Q2. Which of the following is NOT a common application of DFS?

Cycle detection
Topological sorting
Finding shortest paths in unweighted graphs
Finding connected components
Finding shortest paths in unweighted graphs is a BFS application, not DFS. DFS does not guarantee shortest paths because it may take a longer path to a node before discovering a shorter one. DFS is used for cycle detection, topological sorting, finding connected/strongly connected components, and backtracking problems.

Q3. Given the graph {0:[1,2], 1:[0,3,4], 2:[0,5,6], 3:[1], 4:[1], 5:[2], 6:[2]}, what is a valid DFS traversal order starting from node 0 (visiting neighbors in listed order)?

0, 1, 3, 4, 2, 5, 6
0, 1, 2, 3, 4, 5, 6
0, 2, 1, 3, 4, 5, 6
0, 3, 1, 4, 2, 6, 5
Starting at 0, DFS visits neighbor 1 first, then goes deep: from 1 visits 3 (a leaf, backtracks), then 4 (a leaf, backtracks to 0), then 2, then 5 (leaf), then 6 (leaf). This gives: 0, 1, 3, 4, 2, 5, 6. Option (b) is the BFS order, not DFS.

Q4. What is the worst-case space complexity of recursive DFS on a graph with V vertices?

O(1)
O(log V)
O(E)
O(V)
In the worst case (e.g., a graph shaped like a long chain: 0-1-2-...-V), the recursive DFS call stack grows to depth V, consuming O(V) space. This is why iterative DFS with an explicit stack is sometimes preferred for very large graphs, as it avoids the system stack size limit.

Q5. How does DFS differ from BFS in terms of traversal order?

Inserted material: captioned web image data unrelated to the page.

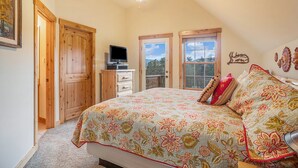 A bedroom with a large bed, a ceiling fan, a TV, and a balcony door.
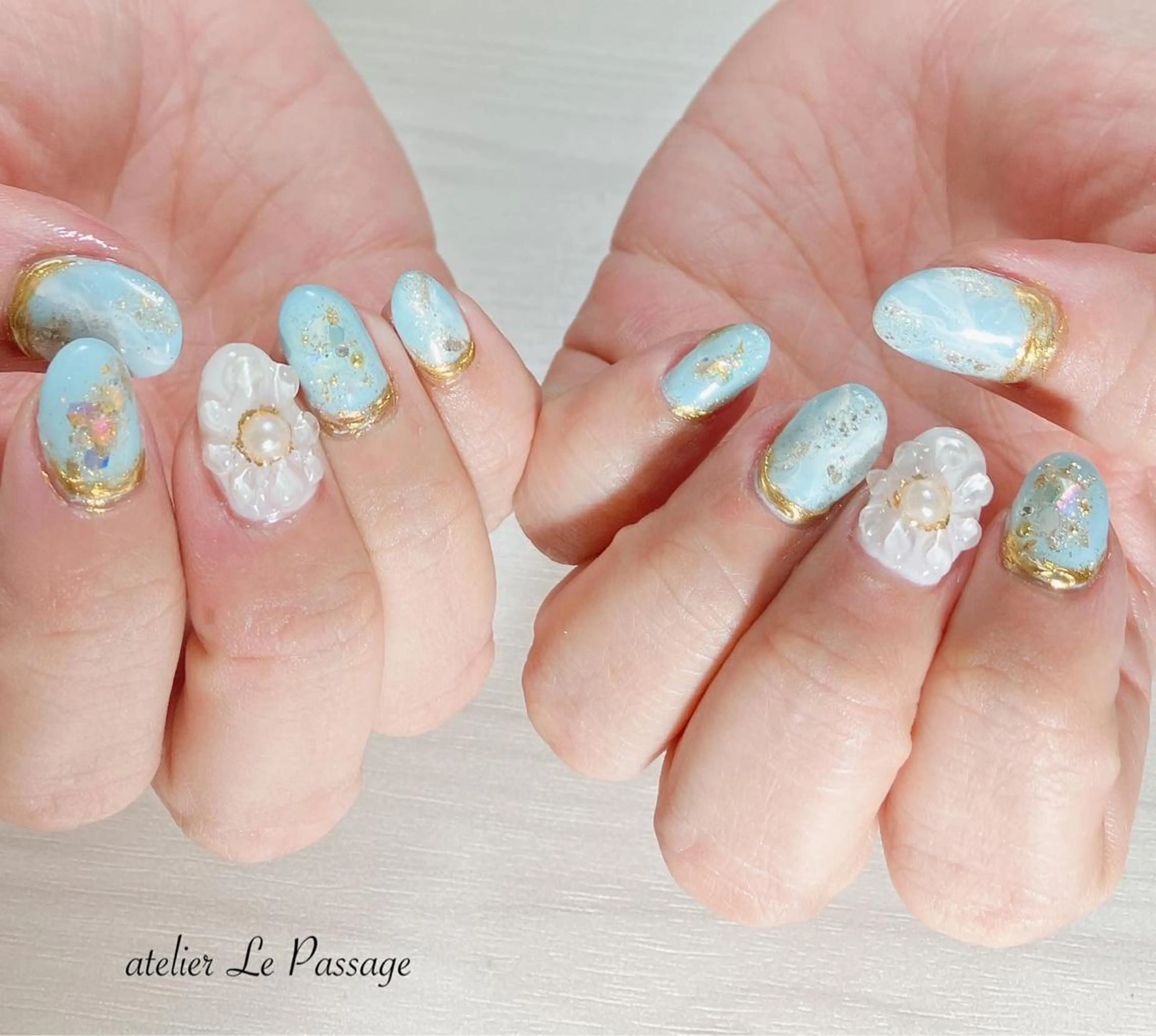 ネイル フラワーネイル ジェルネイル ラメ(グリッター) 水色 パラジェル Atelier Le Passage所属・h nakatsukaのネイルデザイン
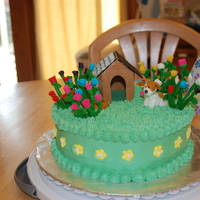 Dog And Roses This was for my daughter's 6th birthday. Butter cream icing with fondant decorations. There were 6 different color roses, six...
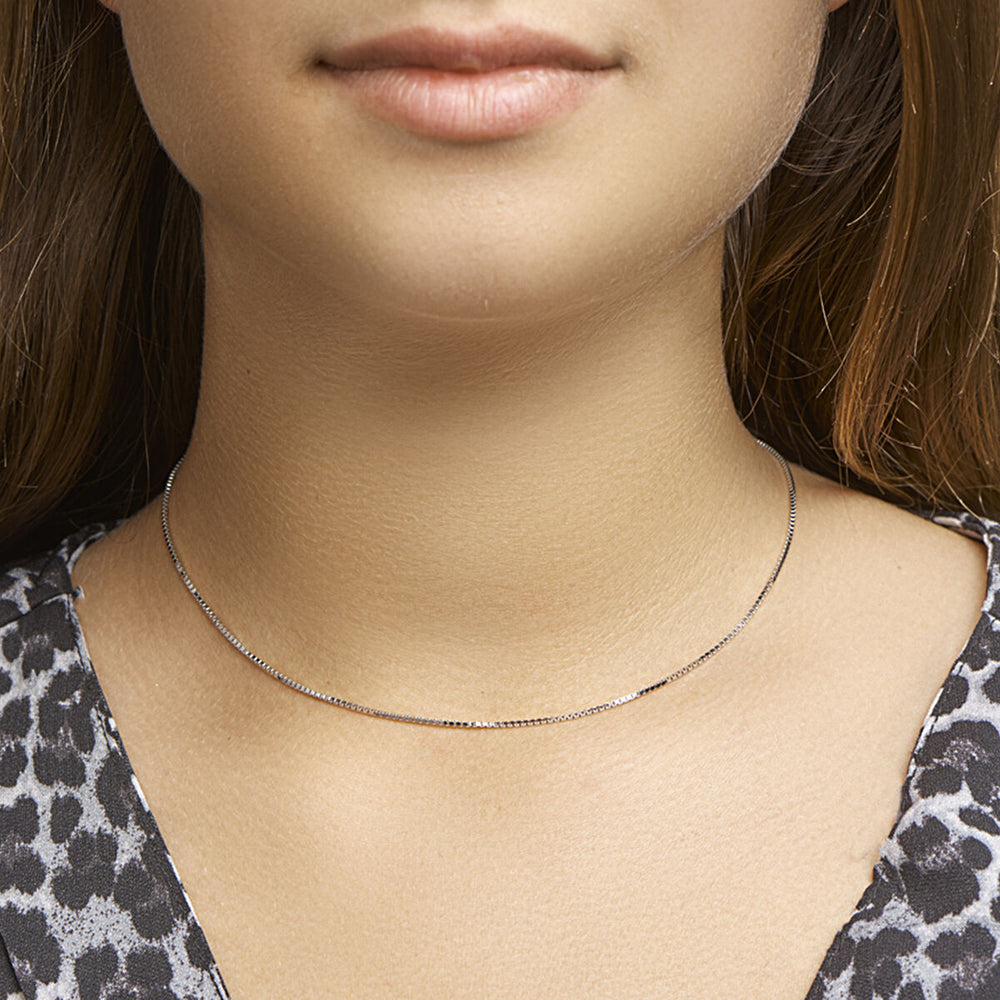 Een close-up van een vrouw met een lichte huid en steil bruin haar die de Van der Kooij Collectie collier venetiaans 1,1 mm draagt. Ze is gekleed in een grijs met zwarte dierenprint top.
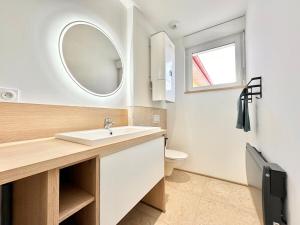 a bathroom with a sink and a toilet and a mirror at Le Ronsard - Élégance - Central in Mont-de-Marsan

DFS visits nodes level by level, BFS goes deep first
DFS explores as deep as possible before backtracking, BFS visits all neighbors at the current depth first
DFS always finds the shortest path, BFS does not
DFS has better time complexity than BFS
DFS explores one branch as deeply as possible before backtracking to try the next branch, using a stack (LIFO). BFS visits all neighbors of the current node before moving to the next depth level, using a queue (FIFO). Both have the same O(V+E) time complexity, but BFS (not DFS) guarantees shortest paths in unweighted graphs.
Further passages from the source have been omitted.